Prospect of interest rate rise sees pound jump
Rather than the 7-1 split that had been expected to vote to keep the base rate at its record low of 0.25%, the MPC instead narrowly voted 5-3 in favour. However, the committee unanimously voted to continue with the programme of corporate bond purchases and UK government bond purchases.
The soon to be departing Kristin Forbes was joined by Ian McCafferty and Michael Saunders in calling for an immediate 0.25% base rate increase following the consumer price inflation figure jumping to 2.9% in May.
Set against a backdrop of disappointing retail sales, slowing growth, shrinking real wages and heightened political uncertainty, Hargreaves Landown’s senior economist, Ben Brettell, said the increased votes for a raise were “somewhat surprising”.
“It seems the willingness of the MPC to ‘look through’ higher inflation and leave rates on hold is wearing thin, and if inflation continues to surprise we could see higher rates by the end of the summer,” Brettell said. “The minutes show policymakers are more optimistic than many economists about the UK’s prospects.

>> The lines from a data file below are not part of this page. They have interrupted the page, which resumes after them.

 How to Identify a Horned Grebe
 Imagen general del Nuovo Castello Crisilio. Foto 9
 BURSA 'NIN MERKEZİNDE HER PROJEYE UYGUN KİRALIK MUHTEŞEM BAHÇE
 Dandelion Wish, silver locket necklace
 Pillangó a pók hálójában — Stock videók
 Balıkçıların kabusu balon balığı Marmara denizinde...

“Despite the current weakness in wage growth, they see this picking up sharply over their forecast period, and also believe lacklustre consumer spending will be offset by a pickup in other components of demand – notably exports, which are being helped by the depreciation of sterling and stronger growth elsewhere in the world. The minutes made no mention of last week’s surprise election result.”
Sterling lifted but FTSE 100 kicked lower
Russ Mould, investment director at AJ Bell, said the pound was boosted on the news. He said: “Three members of the MPC voted for an increase in interest rates to 0.50%, compared to just one in the prior two months, while five voted for no change. That is the highest count in favour of tighter monetary policy since May 2011.

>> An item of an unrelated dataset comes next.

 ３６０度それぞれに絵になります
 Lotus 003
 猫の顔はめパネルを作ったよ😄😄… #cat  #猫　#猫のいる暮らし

“The prospect of higher returns on cash is giving sterling a lift against the dollar (to nearly $1.2750) and euro (€1.1390), especially as markets had previously thought the Bank of England would only look to increase interest rates from their record-low levels after Brexit in 2019.”
However, the FTSE 100, which has seen a negative correlation with the value of the pound of late because of its large proportion of overseas earnings, fell by 30 points or so on the news.
Mould added: “This is hitting the ‘pound-down-FTSE-100-up’ trade which has dominated UK equities since the summer 2016 EU referendum. Miners in particular are falling hard, as their earnings are dollar denominated, although the more domestically oriented FTSE 250 is falling faster still, with stocks exposed to discretionary consumer spending doing the worst, including Restaurant Group, Howden Joinery and Next. House builders are also being hit hard.”
Despite the inflationary pressures, Michael Allen, chief investment officer at Momentum UK, said the reality is that the MPC is likely to leave rates on hold to support the economy as we go into Brexit negotiations.
“Members may also be expecting that this period of high inflation will start to fade as year-on-year currency devaluation effects and increase in underlying energy prices roll out of the inflation basket,” he said.
“As such, anyone looking for a meaningful return on their money might want to look at low risk investment options which deliberately aim to generate returns in excess of inflation.”